The backbone of the film is Meatball building up a '71 Triumph Bonneville (I know. I know...I've owned four of them for some reason) into a fast 60's style cafe racer; breaking down the engine, having port and polish work done on the cylinder head, etc. There isn't much time spent in the film on his cycle work (the rolling chassis magically appears towards the end of the film), but all is forgiven when my friend Mike Jongblood appears onscreen to help sort out the placement of the fenders. I would never in a million years think that Mike, the humblest and most talented metal-handler I know, would consent to a spot in a film!
The refrain in the film is 'that's enough work for the day', the cue for a spot of scrambling, flat-tracking, and roadracing on various BSAs and Triumphs.
I'll admit to having no 'distance' from this movie - it documents very well the life my friends and I lived from 1985-90, when we were all riding 60's Britbikes and 'TT' racing (Tavern to Tavern), and living together in warehouses or shared flats, with garages stuffed full of old motorcycles.
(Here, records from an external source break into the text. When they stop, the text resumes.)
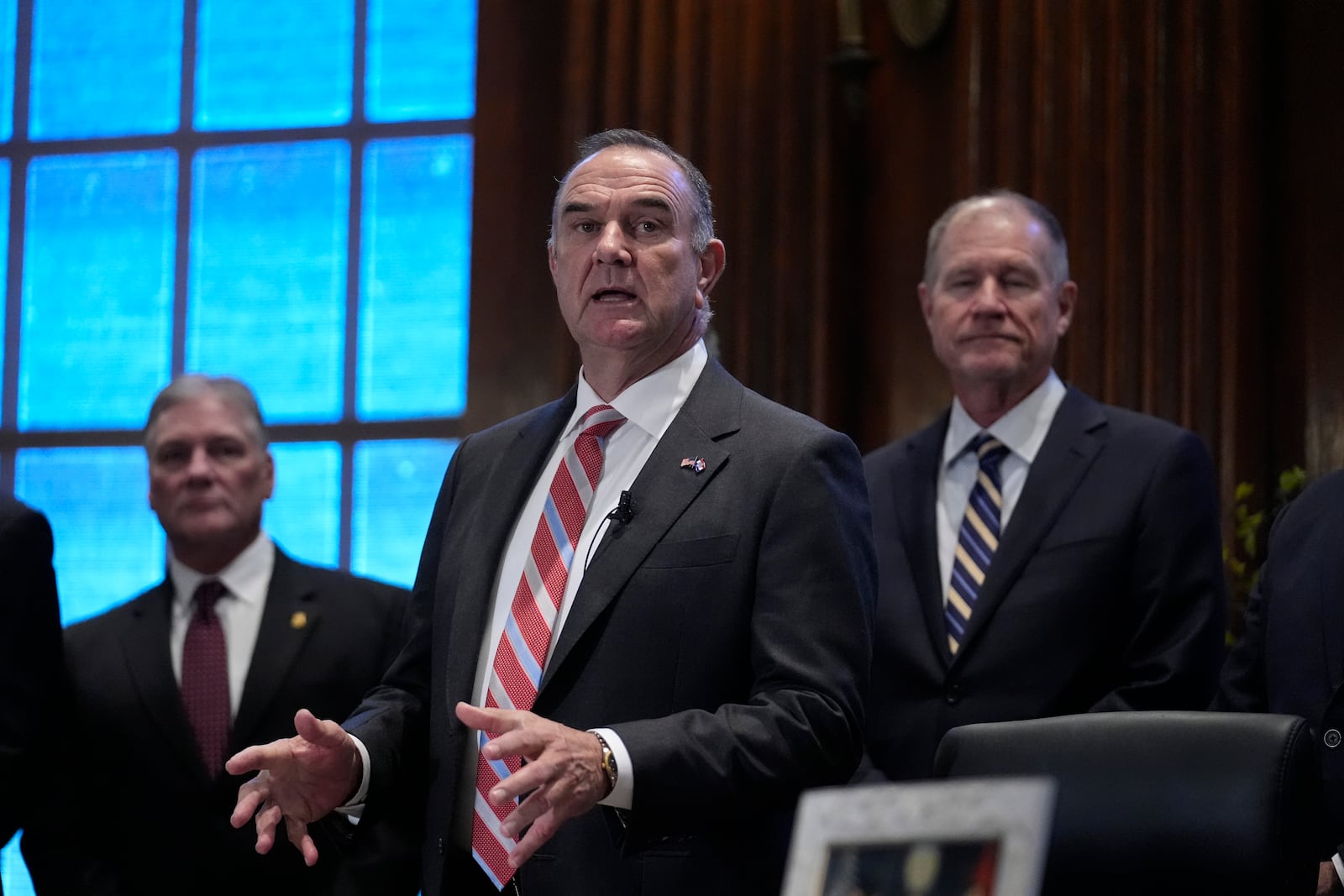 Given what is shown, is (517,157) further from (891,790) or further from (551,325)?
(891,790)

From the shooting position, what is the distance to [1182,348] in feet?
12.0

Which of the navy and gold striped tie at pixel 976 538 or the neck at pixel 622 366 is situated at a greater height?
the neck at pixel 622 366

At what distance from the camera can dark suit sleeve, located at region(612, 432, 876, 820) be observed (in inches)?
79.4

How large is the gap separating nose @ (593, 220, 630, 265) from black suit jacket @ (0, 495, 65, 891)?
1.37m

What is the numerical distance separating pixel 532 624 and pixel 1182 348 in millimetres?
1935

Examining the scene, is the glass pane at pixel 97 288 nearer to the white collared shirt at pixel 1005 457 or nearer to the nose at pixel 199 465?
the nose at pixel 199 465

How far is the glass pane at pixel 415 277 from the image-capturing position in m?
4.35

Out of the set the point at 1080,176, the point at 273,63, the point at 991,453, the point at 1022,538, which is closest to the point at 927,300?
the point at 991,453

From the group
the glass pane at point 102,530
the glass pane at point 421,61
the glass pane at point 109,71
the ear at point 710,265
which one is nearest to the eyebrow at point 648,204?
the ear at point 710,265

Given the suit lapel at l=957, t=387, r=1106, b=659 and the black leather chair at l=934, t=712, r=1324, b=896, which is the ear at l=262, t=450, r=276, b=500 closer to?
the suit lapel at l=957, t=387, r=1106, b=659

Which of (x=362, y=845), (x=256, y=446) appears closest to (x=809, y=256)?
(x=256, y=446)

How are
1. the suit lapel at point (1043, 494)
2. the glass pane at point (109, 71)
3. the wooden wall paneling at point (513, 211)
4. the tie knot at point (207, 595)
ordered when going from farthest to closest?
the glass pane at point (109, 71)
the wooden wall paneling at point (513, 211)
the tie knot at point (207, 595)
the suit lapel at point (1043, 494)

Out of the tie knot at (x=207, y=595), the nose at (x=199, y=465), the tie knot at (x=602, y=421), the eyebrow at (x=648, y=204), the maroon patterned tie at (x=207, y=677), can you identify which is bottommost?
the maroon patterned tie at (x=207, y=677)

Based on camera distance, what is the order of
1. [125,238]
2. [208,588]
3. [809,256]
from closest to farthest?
1. [208,588]
2. [809,256]
3. [125,238] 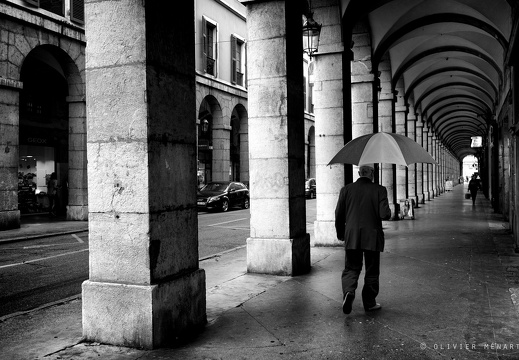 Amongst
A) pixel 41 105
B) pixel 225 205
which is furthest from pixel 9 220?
pixel 225 205

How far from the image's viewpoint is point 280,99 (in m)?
7.72

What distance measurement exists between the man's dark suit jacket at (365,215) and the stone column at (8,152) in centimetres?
1278

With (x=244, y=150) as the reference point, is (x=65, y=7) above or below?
above

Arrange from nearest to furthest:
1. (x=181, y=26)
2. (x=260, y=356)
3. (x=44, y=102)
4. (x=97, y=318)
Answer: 1. (x=260, y=356)
2. (x=97, y=318)
3. (x=181, y=26)
4. (x=44, y=102)

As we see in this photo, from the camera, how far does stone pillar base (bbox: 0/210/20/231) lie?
1482 cm

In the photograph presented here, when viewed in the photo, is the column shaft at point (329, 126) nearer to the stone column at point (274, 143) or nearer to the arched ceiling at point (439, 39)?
the arched ceiling at point (439, 39)

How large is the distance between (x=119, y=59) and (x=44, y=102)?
2006 centimetres

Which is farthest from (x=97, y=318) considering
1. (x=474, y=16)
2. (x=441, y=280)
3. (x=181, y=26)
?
(x=474, y=16)

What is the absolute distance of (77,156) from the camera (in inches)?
712

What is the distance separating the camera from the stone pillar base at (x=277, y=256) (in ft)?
A: 24.8

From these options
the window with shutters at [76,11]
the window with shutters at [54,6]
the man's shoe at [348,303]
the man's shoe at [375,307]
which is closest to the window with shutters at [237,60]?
the window with shutters at [76,11]

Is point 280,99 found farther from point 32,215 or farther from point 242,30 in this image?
point 242,30

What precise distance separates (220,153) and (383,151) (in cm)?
2190

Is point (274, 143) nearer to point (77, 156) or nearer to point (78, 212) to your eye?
point (77, 156) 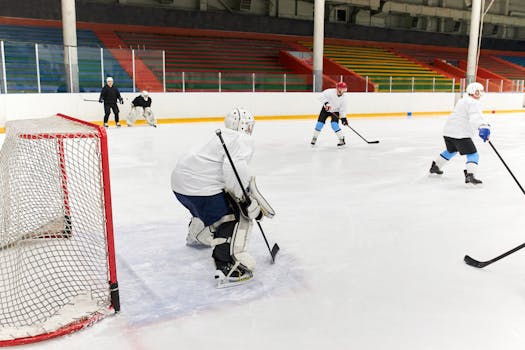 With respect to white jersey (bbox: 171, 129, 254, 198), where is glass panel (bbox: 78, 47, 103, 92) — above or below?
above

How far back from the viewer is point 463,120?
5492mm

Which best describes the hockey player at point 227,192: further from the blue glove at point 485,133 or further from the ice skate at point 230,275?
the blue glove at point 485,133

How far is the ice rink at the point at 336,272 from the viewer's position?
7.27ft

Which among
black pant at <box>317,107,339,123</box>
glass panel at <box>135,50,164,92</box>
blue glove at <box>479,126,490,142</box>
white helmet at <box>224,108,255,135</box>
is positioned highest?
glass panel at <box>135,50,164,92</box>

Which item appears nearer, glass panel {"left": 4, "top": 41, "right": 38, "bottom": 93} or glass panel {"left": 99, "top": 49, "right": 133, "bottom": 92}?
glass panel {"left": 4, "top": 41, "right": 38, "bottom": 93}

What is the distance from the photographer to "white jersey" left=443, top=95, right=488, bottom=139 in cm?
522

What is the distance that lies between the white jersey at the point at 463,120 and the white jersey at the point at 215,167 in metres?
3.35

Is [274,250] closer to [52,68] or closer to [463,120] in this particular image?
[463,120]

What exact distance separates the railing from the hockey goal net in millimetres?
8197

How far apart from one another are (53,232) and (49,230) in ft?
0.09

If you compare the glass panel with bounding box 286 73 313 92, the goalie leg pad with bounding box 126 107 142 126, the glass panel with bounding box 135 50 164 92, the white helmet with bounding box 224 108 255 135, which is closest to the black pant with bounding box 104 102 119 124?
the goalie leg pad with bounding box 126 107 142 126

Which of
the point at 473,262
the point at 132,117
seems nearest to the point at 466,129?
the point at 473,262

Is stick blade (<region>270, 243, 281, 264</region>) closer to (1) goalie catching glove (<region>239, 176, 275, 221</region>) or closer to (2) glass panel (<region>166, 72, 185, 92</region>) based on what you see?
(1) goalie catching glove (<region>239, 176, 275, 221</region>)

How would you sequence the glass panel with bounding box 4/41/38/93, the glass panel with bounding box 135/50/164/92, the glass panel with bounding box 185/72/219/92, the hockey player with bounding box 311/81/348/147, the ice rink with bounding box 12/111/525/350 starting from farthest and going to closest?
the glass panel with bounding box 185/72/219/92
the glass panel with bounding box 135/50/164/92
the glass panel with bounding box 4/41/38/93
the hockey player with bounding box 311/81/348/147
the ice rink with bounding box 12/111/525/350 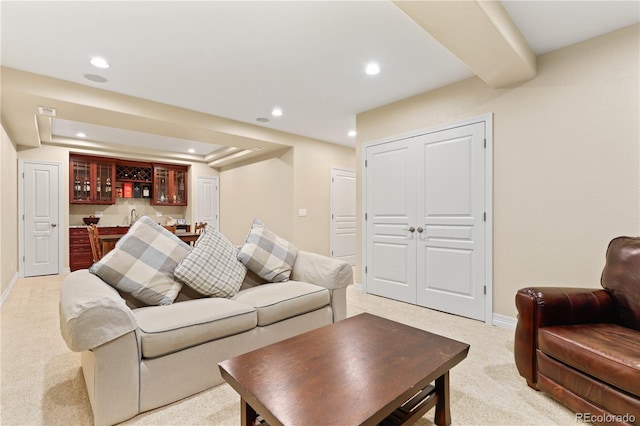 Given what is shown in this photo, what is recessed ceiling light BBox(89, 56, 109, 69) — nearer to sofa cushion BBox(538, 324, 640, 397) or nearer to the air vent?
the air vent

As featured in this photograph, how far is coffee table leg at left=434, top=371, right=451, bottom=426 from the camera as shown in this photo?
1.49m

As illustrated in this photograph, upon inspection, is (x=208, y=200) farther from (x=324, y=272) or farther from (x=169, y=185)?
(x=324, y=272)

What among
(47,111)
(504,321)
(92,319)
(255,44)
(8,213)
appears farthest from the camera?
(8,213)

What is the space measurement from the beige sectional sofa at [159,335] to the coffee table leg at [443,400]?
1111 mm

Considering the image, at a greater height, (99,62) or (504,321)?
(99,62)

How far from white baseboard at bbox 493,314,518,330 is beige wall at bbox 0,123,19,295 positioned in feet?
18.2

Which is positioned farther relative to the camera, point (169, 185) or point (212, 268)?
point (169, 185)

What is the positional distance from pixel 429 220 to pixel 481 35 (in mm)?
1918

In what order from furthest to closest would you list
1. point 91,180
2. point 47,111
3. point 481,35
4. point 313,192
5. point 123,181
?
point 123,181 < point 91,180 < point 313,192 < point 47,111 < point 481,35

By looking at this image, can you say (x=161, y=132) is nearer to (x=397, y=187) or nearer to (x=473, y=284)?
A: (x=397, y=187)

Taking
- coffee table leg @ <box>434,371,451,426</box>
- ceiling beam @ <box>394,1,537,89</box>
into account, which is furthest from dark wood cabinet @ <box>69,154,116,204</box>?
coffee table leg @ <box>434,371,451,426</box>

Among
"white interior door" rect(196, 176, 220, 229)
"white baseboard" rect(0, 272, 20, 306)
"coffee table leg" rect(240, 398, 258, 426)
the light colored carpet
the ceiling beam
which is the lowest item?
the light colored carpet

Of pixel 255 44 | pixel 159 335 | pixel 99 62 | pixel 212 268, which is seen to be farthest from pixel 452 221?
pixel 99 62

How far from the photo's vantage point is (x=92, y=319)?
1.44 meters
Most of us survived. Amazingly, Jeff Tulinius has been living this lifestyle ever since.

(That's a photo of Jeff on his BSA scrambler)

1 comment:

Jason said...

hey I love your blog. Just wanted to offer a kind correction:the film screened in Santa Monica about a month ago...just an FYI. Love the work you are doing here! I have my hands into a Benelli and an old triumph-I get alot of inspiration from your writing and all-around wisdom.